Sin embargo, sus esfuerzos eran inútiles porque los marcianos se movían mucho. Ningún marciano se quedaba mucho tiempo en un mismo sitio o en contacto con la misma persona, familia o grupo. Quizá fuese posible, aunque parece improbable, que un humano de extrema paciencia pudiera llegar a entablar relaciones amistosas con un marciano y se ganase su confianza, si ese ser humano tuviera la oportunidad de un largo contacto con un marciano dado.

Pero ningún marciano era dado, en ese sentido. Al rato, a la hora, o como mucho al cabo de un día, aquel hombre de buena voluntad se hallaba volviendo a empezar con otro marciano distinto. En realidad, las personas que trataban de mostrarse amables con ellos se encontraban cambiando de marcianos con más frecuencia que aquellos que los maldecían a cada momento. Las personas amables les aburrían. Los conflictos y las discusiones eran su pasión; adoraban las peleas.

Muchos de los psicólogos preferían trabajar en pequeños grupos, en secciones. Especialmente aquellos que, como miembros del Frente Psicológico, estudiaban o trataban de estudiar la sicología de los marcianos. Hasta cierto punto es una ventaja el tener marcianos cerca cuando uno los estudia o habla de sus peculiaridades.

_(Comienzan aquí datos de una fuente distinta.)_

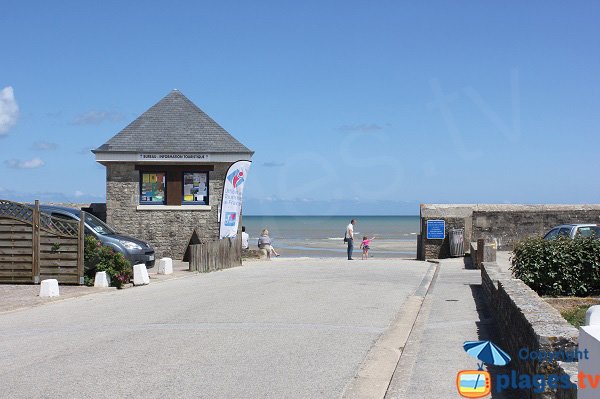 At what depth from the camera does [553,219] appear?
28031 mm

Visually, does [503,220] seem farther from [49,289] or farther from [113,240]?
[49,289]

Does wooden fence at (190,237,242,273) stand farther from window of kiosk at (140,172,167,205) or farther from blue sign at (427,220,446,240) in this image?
blue sign at (427,220,446,240)

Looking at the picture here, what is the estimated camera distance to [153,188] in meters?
28.2

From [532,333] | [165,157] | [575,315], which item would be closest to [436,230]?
[165,157]

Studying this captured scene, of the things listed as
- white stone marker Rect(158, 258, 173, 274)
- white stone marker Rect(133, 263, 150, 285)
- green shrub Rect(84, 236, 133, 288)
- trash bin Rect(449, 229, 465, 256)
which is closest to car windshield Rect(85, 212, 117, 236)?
white stone marker Rect(158, 258, 173, 274)

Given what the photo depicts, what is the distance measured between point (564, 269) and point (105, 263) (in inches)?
426

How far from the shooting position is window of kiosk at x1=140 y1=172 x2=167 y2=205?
28141mm

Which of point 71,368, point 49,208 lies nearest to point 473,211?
point 49,208

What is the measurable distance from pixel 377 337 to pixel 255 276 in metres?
10.7

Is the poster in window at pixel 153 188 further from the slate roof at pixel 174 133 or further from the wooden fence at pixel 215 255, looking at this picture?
the wooden fence at pixel 215 255

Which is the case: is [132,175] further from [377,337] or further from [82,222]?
[377,337]

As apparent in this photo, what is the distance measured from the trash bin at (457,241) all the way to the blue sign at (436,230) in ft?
1.68

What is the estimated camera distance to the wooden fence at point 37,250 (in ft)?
58.4

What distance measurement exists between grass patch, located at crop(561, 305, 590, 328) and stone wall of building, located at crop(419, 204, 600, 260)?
16927mm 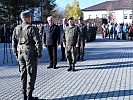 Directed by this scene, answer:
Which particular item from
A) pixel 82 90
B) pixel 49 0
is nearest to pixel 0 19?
pixel 49 0

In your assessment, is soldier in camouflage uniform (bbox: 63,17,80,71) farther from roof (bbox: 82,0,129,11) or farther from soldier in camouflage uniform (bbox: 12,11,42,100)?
roof (bbox: 82,0,129,11)

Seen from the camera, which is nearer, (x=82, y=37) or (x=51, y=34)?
(x=51, y=34)

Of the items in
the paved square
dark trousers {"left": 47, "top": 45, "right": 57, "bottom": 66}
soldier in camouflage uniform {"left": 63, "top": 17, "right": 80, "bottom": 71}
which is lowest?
the paved square

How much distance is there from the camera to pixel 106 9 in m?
105

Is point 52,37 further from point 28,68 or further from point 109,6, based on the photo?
point 109,6

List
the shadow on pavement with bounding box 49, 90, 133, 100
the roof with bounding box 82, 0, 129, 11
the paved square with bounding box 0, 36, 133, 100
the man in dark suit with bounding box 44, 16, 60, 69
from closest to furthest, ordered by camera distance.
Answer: the shadow on pavement with bounding box 49, 90, 133, 100, the paved square with bounding box 0, 36, 133, 100, the man in dark suit with bounding box 44, 16, 60, 69, the roof with bounding box 82, 0, 129, 11

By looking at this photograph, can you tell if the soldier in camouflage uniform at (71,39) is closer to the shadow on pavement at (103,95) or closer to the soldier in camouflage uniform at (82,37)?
the soldier in camouflage uniform at (82,37)

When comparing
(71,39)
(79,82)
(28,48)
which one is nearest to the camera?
(28,48)

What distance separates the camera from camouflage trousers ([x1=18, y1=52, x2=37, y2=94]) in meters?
8.32

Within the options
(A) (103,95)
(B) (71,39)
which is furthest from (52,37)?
(A) (103,95)

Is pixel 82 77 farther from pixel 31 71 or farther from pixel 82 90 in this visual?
pixel 31 71

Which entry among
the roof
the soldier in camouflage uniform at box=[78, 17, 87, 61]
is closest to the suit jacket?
the soldier in camouflage uniform at box=[78, 17, 87, 61]

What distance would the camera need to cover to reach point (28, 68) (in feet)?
27.3

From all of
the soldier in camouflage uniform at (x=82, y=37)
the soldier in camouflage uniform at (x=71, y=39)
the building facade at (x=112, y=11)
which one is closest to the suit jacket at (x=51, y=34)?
the soldier in camouflage uniform at (x=71, y=39)
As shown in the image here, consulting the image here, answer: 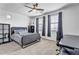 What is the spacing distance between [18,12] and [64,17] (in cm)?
93

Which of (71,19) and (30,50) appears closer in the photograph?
(71,19)

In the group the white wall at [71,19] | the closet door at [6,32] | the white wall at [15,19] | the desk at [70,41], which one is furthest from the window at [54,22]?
the closet door at [6,32]

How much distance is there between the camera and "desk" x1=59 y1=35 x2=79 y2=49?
3.85 ft

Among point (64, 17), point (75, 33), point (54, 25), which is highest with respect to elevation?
point (64, 17)

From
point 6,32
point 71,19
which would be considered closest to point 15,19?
point 6,32

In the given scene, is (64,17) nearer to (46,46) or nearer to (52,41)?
(52,41)

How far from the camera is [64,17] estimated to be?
1215mm

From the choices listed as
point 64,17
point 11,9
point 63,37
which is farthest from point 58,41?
point 11,9

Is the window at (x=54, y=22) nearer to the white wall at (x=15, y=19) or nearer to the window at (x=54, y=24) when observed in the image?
the window at (x=54, y=24)

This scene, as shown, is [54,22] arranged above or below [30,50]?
above

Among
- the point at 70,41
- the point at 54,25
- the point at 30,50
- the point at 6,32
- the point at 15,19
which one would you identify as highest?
the point at 15,19

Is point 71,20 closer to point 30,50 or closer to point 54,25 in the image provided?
point 54,25

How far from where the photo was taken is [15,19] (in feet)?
4.58

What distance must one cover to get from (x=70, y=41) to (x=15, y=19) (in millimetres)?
1196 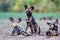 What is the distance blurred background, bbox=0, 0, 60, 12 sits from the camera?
9.34 m

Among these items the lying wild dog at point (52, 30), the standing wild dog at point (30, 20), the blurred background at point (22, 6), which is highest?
the blurred background at point (22, 6)

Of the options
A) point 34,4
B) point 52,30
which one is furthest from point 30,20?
point 34,4

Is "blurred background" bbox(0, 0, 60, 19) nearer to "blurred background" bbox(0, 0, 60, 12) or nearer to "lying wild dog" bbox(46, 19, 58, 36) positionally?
"blurred background" bbox(0, 0, 60, 12)

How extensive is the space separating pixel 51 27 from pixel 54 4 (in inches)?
215

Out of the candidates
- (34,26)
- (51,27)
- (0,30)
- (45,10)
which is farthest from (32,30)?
(45,10)

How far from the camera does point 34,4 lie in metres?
9.51

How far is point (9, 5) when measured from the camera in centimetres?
956

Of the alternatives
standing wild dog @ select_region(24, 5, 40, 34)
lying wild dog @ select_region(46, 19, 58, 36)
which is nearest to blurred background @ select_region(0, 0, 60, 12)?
standing wild dog @ select_region(24, 5, 40, 34)

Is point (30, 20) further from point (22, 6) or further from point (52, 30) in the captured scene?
point (22, 6)

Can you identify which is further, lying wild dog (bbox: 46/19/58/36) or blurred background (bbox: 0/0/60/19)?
blurred background (bbox: 0/0/60/19)

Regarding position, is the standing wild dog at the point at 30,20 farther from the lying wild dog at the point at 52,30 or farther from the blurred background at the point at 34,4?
the blurred background at the point at 34,4

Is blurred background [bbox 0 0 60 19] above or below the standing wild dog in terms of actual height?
above

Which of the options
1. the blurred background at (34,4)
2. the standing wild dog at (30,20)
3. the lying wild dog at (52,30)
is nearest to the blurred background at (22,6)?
the blurred background at (34,4)

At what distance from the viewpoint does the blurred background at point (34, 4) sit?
934 cm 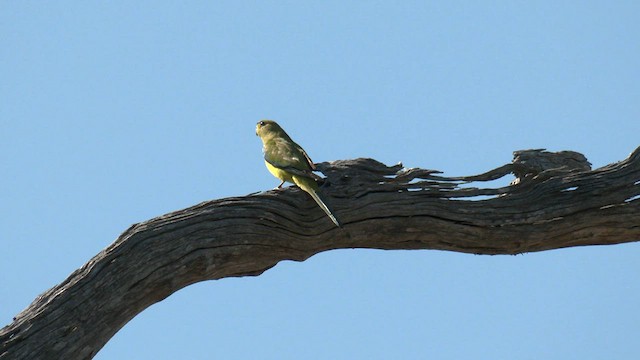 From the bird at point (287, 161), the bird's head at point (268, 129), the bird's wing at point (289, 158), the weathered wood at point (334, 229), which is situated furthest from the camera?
the bird's head at point (268, 129)

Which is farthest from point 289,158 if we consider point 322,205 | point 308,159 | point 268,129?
point 268,129

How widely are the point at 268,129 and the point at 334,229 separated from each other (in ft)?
8.29

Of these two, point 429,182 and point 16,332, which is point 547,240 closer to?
point 429,182

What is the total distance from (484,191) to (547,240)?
0.54m

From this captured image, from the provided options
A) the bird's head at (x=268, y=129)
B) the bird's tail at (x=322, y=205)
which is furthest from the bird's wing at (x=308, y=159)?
the bird's head at (x=268, y=129)

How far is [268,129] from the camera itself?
8.97m

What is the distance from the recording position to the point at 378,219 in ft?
21.9

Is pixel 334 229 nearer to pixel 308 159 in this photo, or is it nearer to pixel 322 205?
pixel 322 205

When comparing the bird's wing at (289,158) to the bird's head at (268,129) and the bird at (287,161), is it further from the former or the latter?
the bird's head at (268,129)

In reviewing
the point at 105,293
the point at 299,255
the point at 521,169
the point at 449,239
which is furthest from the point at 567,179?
the point at 105,293

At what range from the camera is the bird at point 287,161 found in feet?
21.9

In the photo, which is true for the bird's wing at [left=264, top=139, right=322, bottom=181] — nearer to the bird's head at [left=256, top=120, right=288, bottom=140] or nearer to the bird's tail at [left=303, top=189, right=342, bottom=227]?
the bird's tail at [left=303, top=189, right=342, bottom=227]

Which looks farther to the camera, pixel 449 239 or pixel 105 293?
pixel 449 239

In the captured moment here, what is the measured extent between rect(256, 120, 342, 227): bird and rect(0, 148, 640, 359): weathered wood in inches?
3.7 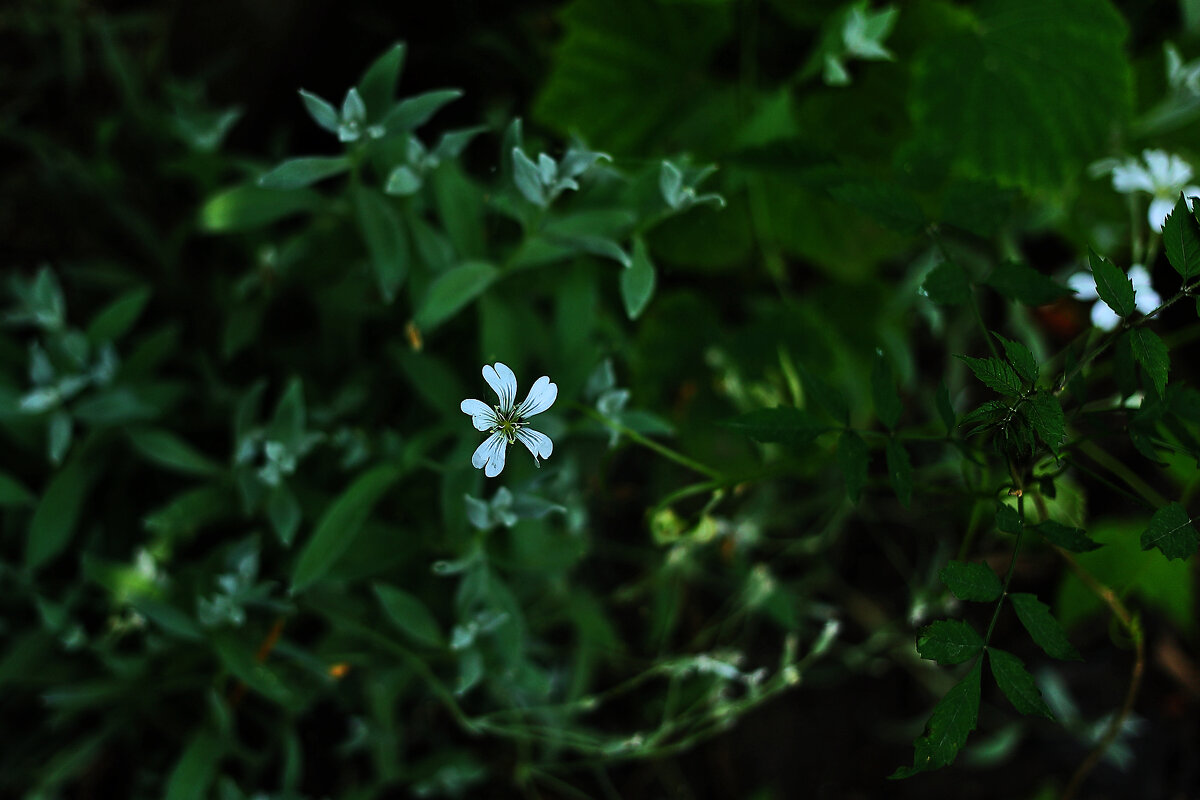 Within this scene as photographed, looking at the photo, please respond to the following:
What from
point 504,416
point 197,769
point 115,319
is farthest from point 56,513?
point 504,416

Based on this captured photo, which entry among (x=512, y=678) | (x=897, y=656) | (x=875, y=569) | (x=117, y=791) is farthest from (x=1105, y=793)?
(x=117, y=791)

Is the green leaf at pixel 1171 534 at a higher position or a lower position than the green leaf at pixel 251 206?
lower

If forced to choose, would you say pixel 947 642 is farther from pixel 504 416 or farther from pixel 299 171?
pixel 299 171

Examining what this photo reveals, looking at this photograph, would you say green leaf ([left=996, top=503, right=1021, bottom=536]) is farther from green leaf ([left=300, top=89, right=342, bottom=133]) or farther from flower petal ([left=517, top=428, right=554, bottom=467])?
green leaf ([left=300, top=89, right=342, bottom=133])

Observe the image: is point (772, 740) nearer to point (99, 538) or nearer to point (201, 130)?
point (99, 538)

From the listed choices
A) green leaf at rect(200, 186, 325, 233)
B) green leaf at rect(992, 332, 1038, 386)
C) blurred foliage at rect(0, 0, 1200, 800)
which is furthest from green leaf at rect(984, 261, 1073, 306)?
green leaf at rect(200, 186, 325, 233)

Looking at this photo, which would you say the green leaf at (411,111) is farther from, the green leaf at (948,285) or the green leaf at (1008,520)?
the green leaf at (1008,520)

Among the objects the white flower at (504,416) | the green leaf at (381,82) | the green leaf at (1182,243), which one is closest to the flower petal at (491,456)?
the white flower at (504,416) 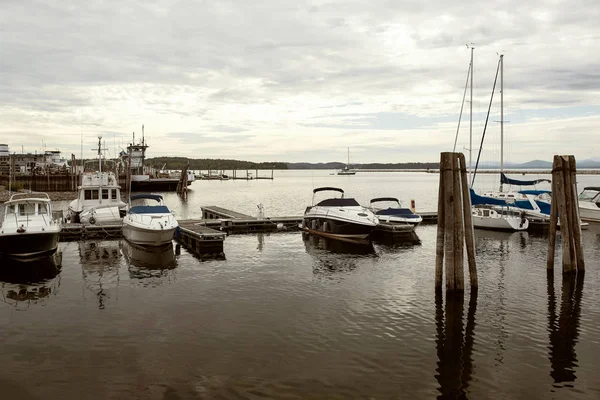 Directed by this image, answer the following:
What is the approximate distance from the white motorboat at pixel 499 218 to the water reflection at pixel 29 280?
28.5 meters

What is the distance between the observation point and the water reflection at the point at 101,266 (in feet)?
63.5

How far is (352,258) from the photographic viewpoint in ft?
86.5

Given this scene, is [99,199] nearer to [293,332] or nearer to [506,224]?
[293,332]

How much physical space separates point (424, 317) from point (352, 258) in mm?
10600

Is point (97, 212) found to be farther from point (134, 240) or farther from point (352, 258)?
point (352, 258)

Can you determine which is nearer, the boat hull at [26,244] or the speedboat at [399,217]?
the boat hull at [26,244]

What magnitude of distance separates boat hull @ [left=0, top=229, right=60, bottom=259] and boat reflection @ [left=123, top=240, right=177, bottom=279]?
3972 mm

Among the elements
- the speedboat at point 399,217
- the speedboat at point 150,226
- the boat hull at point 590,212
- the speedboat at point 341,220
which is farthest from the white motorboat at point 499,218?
the speedboat at point 150,226

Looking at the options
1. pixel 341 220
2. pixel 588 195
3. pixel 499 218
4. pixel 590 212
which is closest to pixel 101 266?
pixel 341 220

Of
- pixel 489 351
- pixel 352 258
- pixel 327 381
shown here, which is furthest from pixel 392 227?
pixel 327 381

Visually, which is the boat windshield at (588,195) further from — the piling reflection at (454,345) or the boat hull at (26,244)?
the boat hull at (26,244)

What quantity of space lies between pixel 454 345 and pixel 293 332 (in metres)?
4.66

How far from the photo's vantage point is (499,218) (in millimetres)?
36781

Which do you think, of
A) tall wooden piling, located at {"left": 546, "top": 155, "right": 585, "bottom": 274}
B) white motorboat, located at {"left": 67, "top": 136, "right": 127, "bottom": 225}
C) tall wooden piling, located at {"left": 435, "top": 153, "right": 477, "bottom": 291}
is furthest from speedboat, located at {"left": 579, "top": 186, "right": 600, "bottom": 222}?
white motorboat, located at {"left": 67, "top": 136, "right": 127, "bottom": 225} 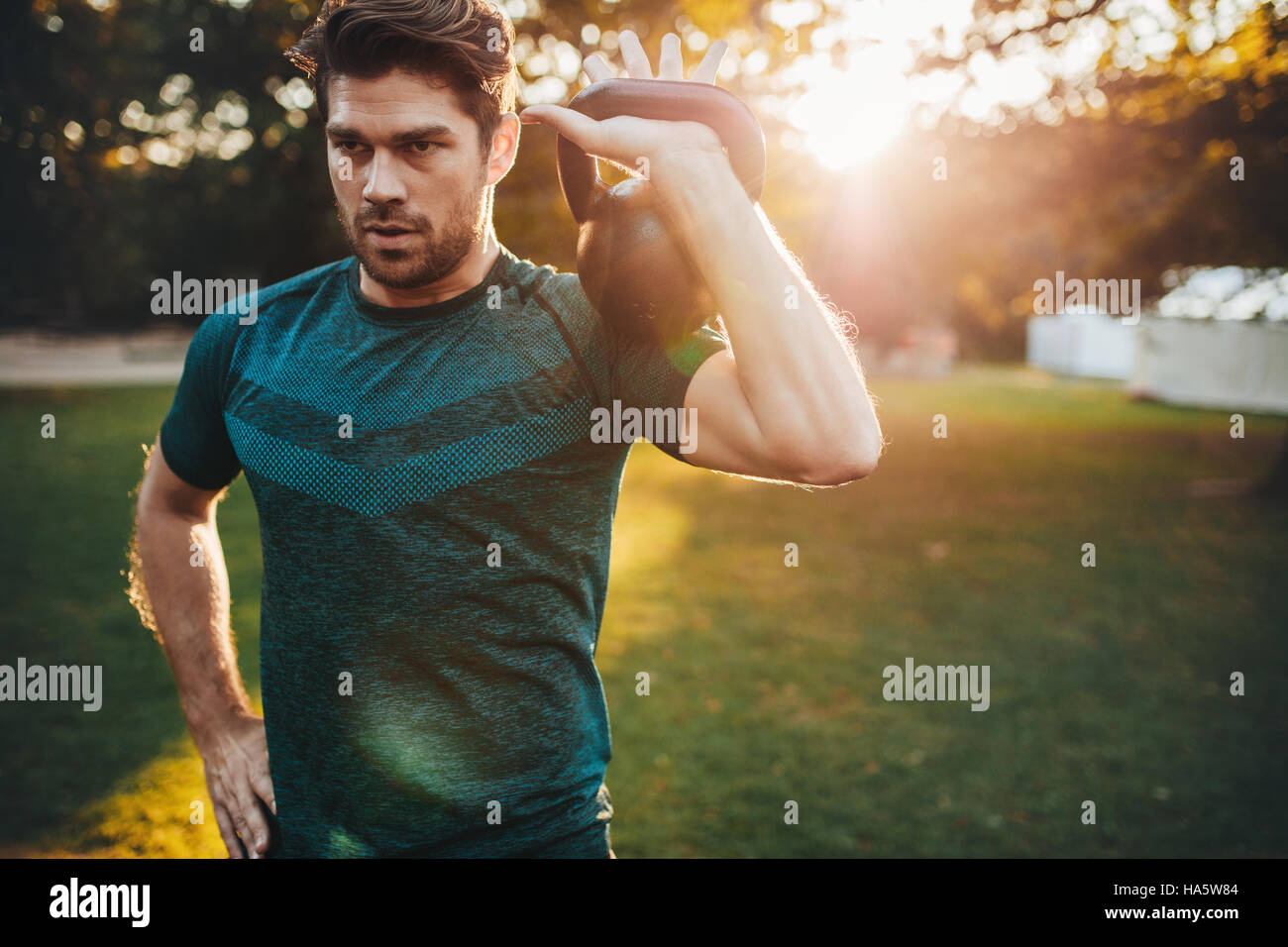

Era a una de esas secciones, un grupo de seis científicos, a la que pertenecía el doctor Snyder. Aquella misma tarde iban a celebrar una reunión. Puso papel en la máquina de escribir; sus notas ya estaban preparadas. Hubiera querido presentar un informe oral; le gustaba hablar, mientras que el tener que mecanografiar su informe le resultaba odioso. Pero siempre existía la posibilidad de que la interferencia de los marcianos hiciera imposible un discurso coherente y obligase a que el informe fuese dado a conocer en su forma escrita. Si los miembros de la sección aprobaban su informe, éste sería pasado a un organismo superior para su detenido estudio; quizá hasta se publicase. Y el doctor Snyder no tenía ninguna duda de que su informe merecería ser publicado.